Oil rigs fell by 13 to 1,327 this week, data posted on Baker Hughes Inc.’s website show. Texas, home to the Eagle Ford and Permian Basin plays, lost eight oil or gas rigs this week. North Dakota, where the Bakken region has driven output, was unchanged at 174 total rigs, down from the 2012 high of 203.
“We are through the growth stage in the Eagle Ford, Permian Basin and the Bakken,” said James Williams, an energy economist and president of WTRG Economics in London, Arkansas. “Now things are starting to level off.”
This week’s decline capped the second consecutive quarterly drop after 13 advances, according to data from the Houston oilfield-services company. In the fourth quarter, oil rigs fell by 83, ending 2012 with an 11 percent gain. Oil rigs have risen every year since 2002, when there were 136.
The total rig count fell a fifth straight week, by 11 to 1,763. Gas rigs rose by two to 431, the second straight gain.
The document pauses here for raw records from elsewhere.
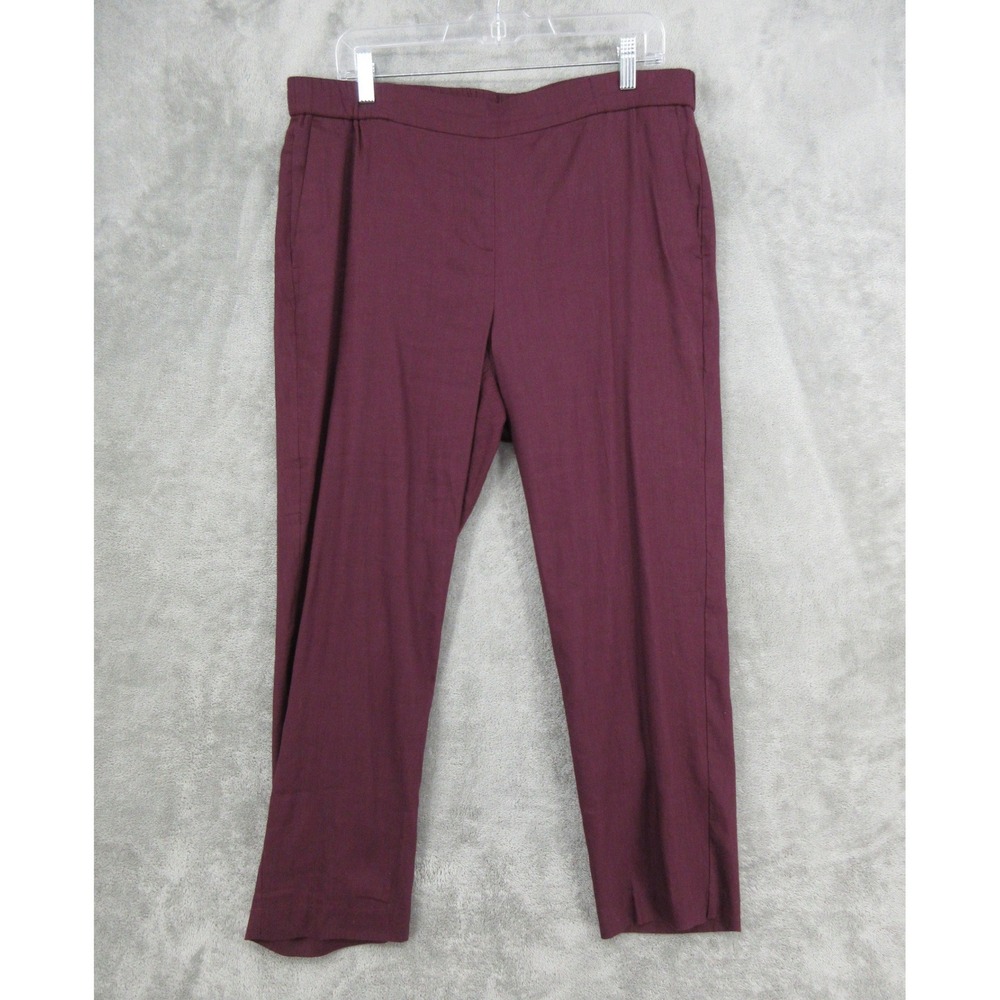 J Jill Pants Womens Size L Linen Stretch Elastic Waist Tapered Leg Quiet Luxury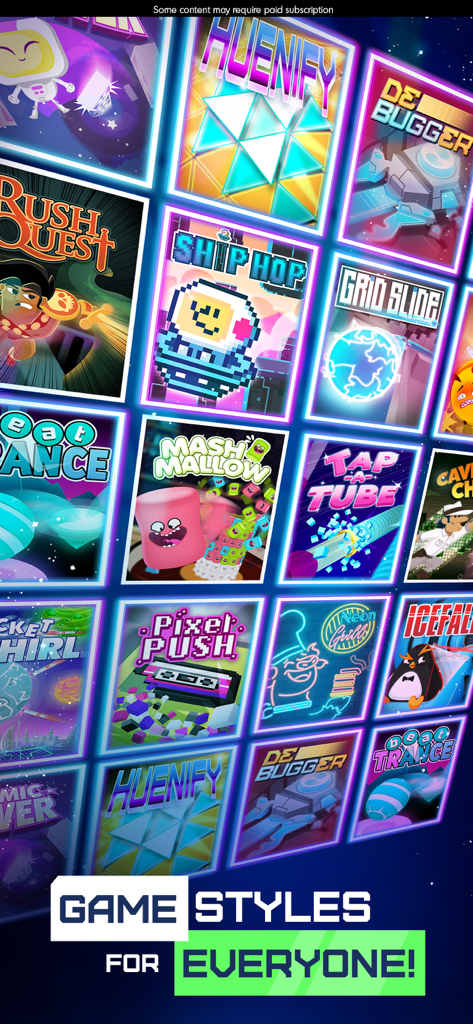 Budge GameTime - Una colorida cuadrícula que muestra varios títulos e íconos de mini-juegos disponibles en Budge GameTime con el texto "Estilos de juego para todos".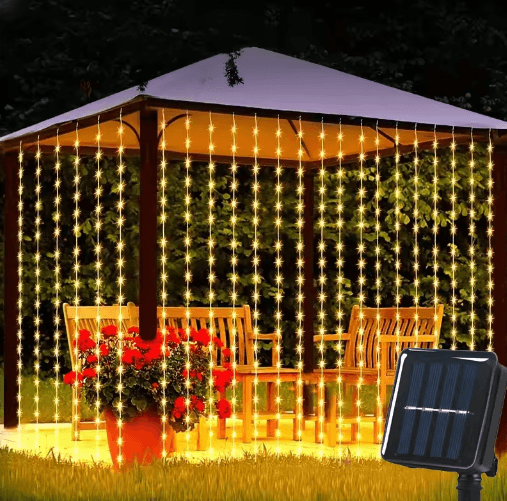 Solar LED Curtain String Lights – 8-Mode Indoor & Outdoor Fairy Lights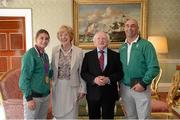 21 September 2012; Team Ireland's Katie Taylor and her father and Team Ireland boxing coach Pete Taylor with the President of Ireland Michael D. Higgins and his wife Sabina at a reception for the London 2012 Irish Olympic team at  Aras an Uachtarain, Phoenix Park, Dublin. Picture credit: Brian Lawless / SPORTSFILE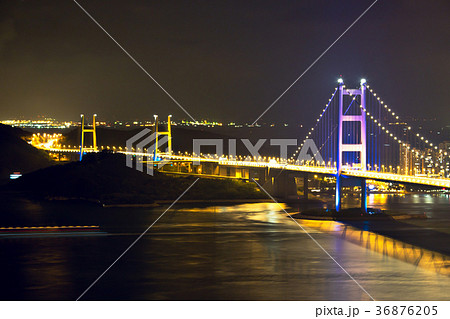 Night scene of Tsing Ma Bridge at Hong Kong, China Night scene of Tsing Ma Bridge at Hong Kong, China 36876205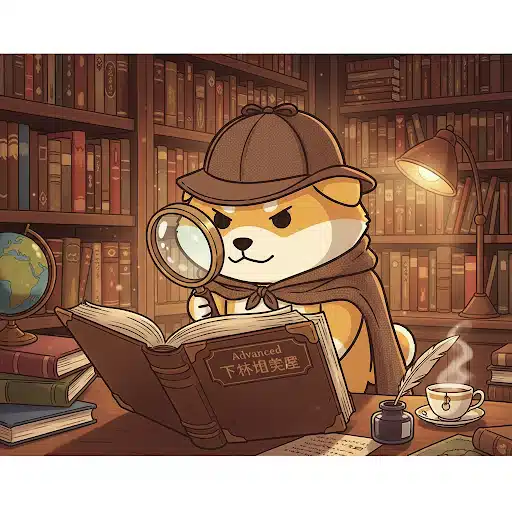 探偵の格好をした犬のキャラクターが、虫眼鏡で分厚い方言の辞書を真剣に調べている。難解な上級編クイズの始まりを表現したイラスト。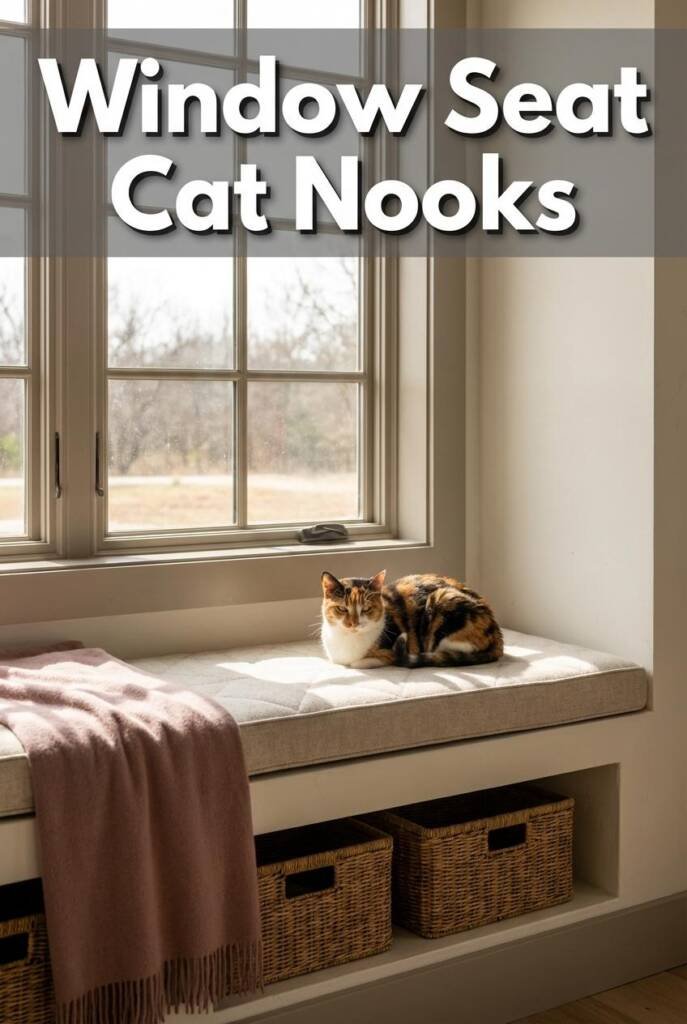 Tight medium crop on a deep built-in window seat nestled into a thick wall framed by steel-reinforced barn-style window casin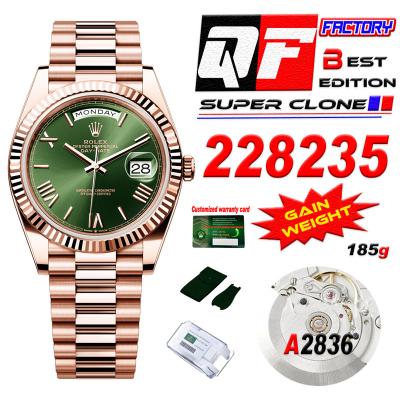 DayDate 40 228235 A2836 Automatic Mens Watch Best Edition QF V5 RG Green Roman Dial President Bracelet (Gain Weight)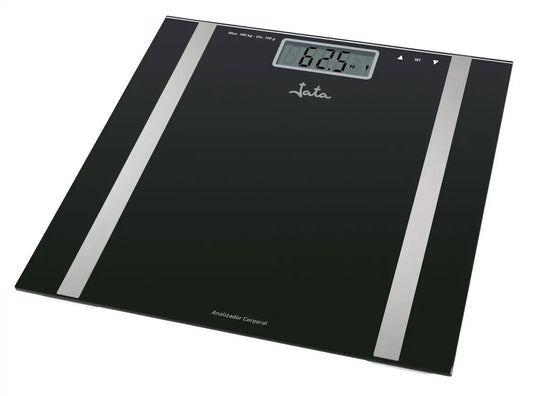 531 SCHWARZE PERSONENWAAGE MIT ANALYSEFUNKTION UND 6 MESSWERTEN JATA
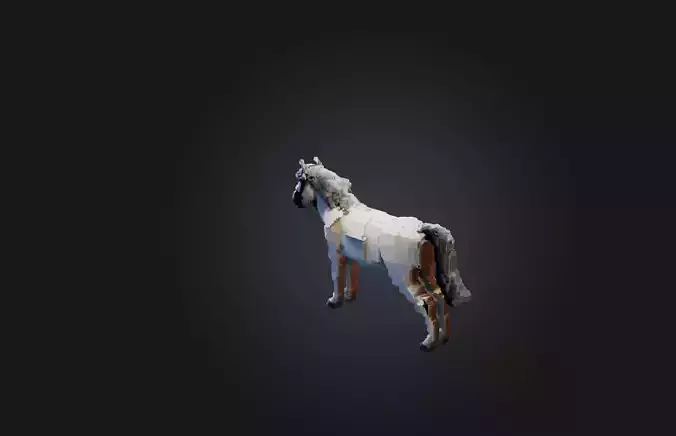Voxel Horse Low-poly 3D model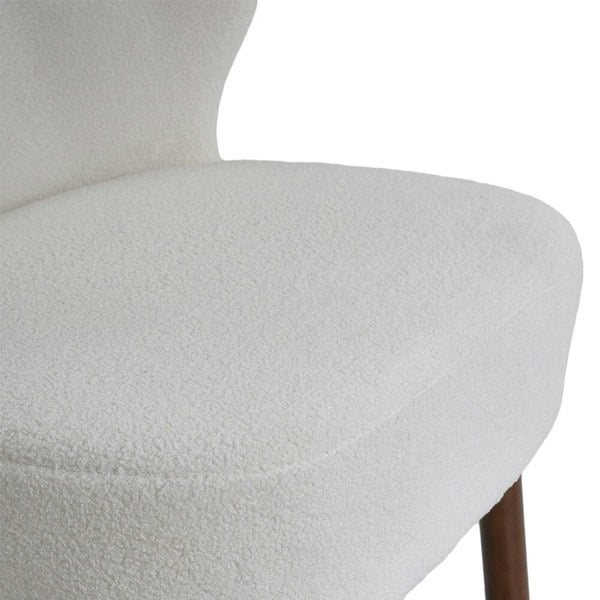 White Boucle Teddy Upholstered Accent Chair with Footstool Lounge Chairs Living and Home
“I would not doubt that last week they reclassified some rigs from oil to gas,” Williams said.
U.S. oil output rose to the highest level since March 1993 in the week ended Dec. 21. The surge helped the U.S. meet 83 percent of its energy needs in the first half of the year, on track to be the most since 1991.
Rig counts declined after West Texas Intermediate dropped 11 percent in the two months ended Oct. 31. Crude for February delivery on the New York Mercantile Exchange fell 7 cents today to settle at $90.80 a barrel, down 8.1 percent this year.
“Prices are fairly flat for oil right now,” Williams said. “Typically, you see the rig count drop two to three months after the price gets lower.”
The natural gas rig count has shrunk to less than a third of its peak in August 2008 because of a switch from dry gas to more profitable crude and natural gas liquids drilling.
Natural gas for February delivery rose 5.7 cents, or 1.7 percent, to $3.469 per million British thermal units on the Nymex. The price is up 16 percent in 2012.